Es en nuestro tiempo cuando el pensamiento liberado, incluso “anti”, ha comenzado a hacerse oír. Cuando la libertad de conciencia y de expresión, regadada muchas veces con sangre, ha dejado oír su voz. O cuando la indiferencia se ha instalado en el orden íntimo de la sociedad.

¿Quién iba a osar alzar su voz disidente cuando mentes tan preclaras como Sócrates o Séneca eran condenadas a muerte por incitar al escepticismo y a la impiedad? “Si eso hacen con el leño verde...”. A la fuerza miles y miles, millones y millones de personas tragaban con lo que fuera con tal de salvaguardar el único bien que consideraban suyo, la vida.

El monopolio de la fuerza, usufructuado por santas manos, lo han ejercido desde los sacerdotes de Amón-Ra en Tebas hasta Calvino en Ginebra o hasta Baron Samedi en Haití.
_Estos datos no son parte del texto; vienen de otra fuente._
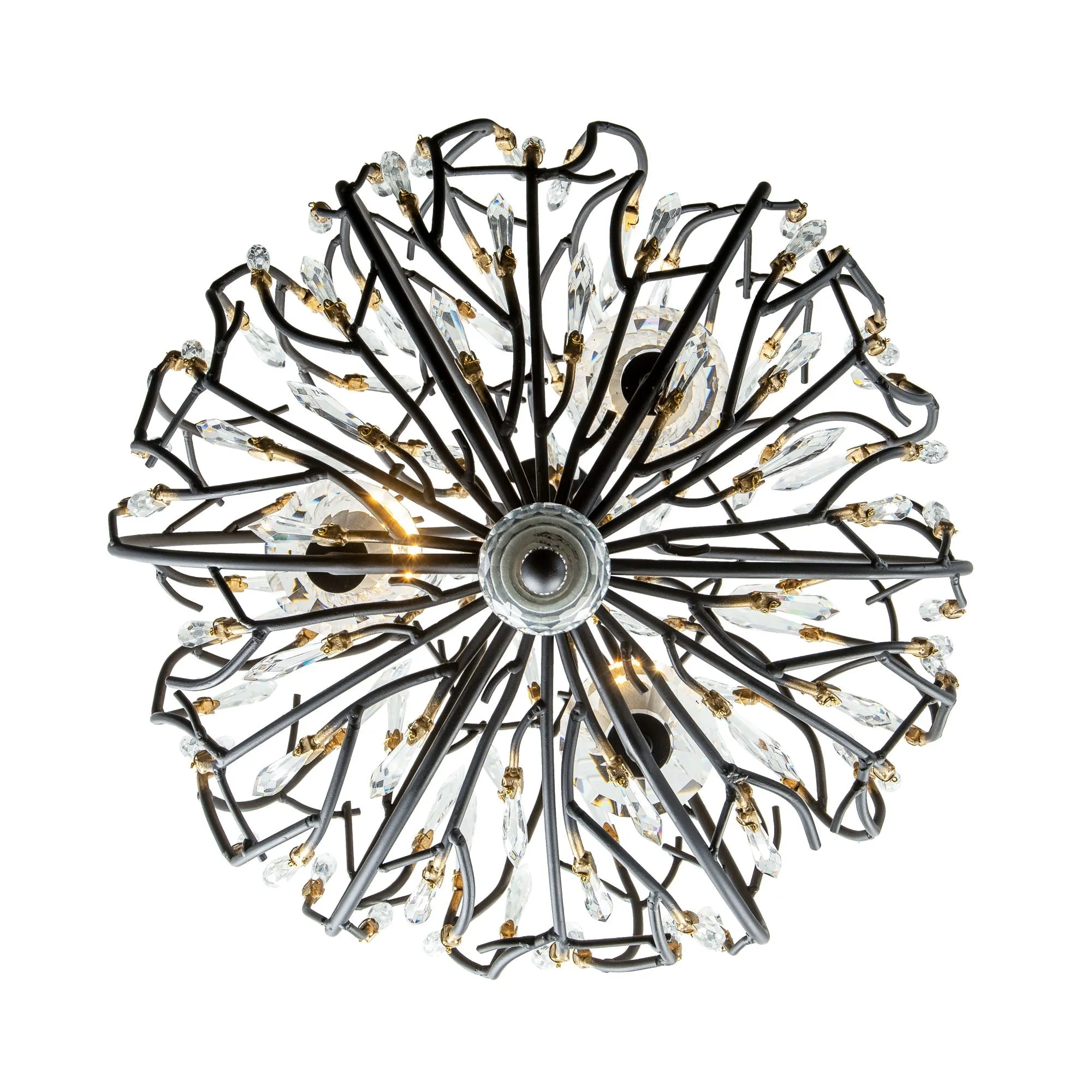 Bask 271P03MBFG 3-Light Crystal Pendant Light - Matte Black/French Gold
Les cuesta reconocerlo porque no quieren bucear en su propia historia, pero así ha sido durante milenios. 

¿Qué podemos pensar de todos estos crédulos que hoy se nos acercan con el Espíritu Santo en la boca, luciendo su sonrisa más obsequiosa, tendiéndonos la mano cual comerciantes de bazar sabiendo lo que sabemos de cómo han sido en otros tiempos?  “Vade retro, Sátanas”, podríamos decir. 

Y ofrecen consuelo, hablan de solidaridad, alardean de obras de misericordia, muestran a la sociedad sus incontables centros de beneficencia, cuando exhiben sus centros de enseñanza o de sanidad como modelo de excelencia... ¡Si no supiéramos el trasfondo que esconden! 

Bueno, sí lo sabemos, porque hoy día las mezquitas son todo eso y más.

 Por eso y por mucho más, tenemos todo el derecho del mundo a recordarles su historia de brutalidad, brutalidad ejercida a diestro y siniestro cuando se sentían fuertes, cuando hacían sus ofertas a gentes imposibilitadas de rechazarlas, olvidando que, con la vida, la libertad es otro de los bienes preciados del hombre.  

 Ése es el fastidio que sentí hace años al oír en Cuatro Vientos la proclama lanzada a voz en grito por el Gerifalte Mayor, JP-2: “La fe no se impone, se propone”. ¡Habrase visto embustero mayor!, dije para mis adentros. En ese momento sentí el borboteo maloliente de toda la historia de la Iglesia.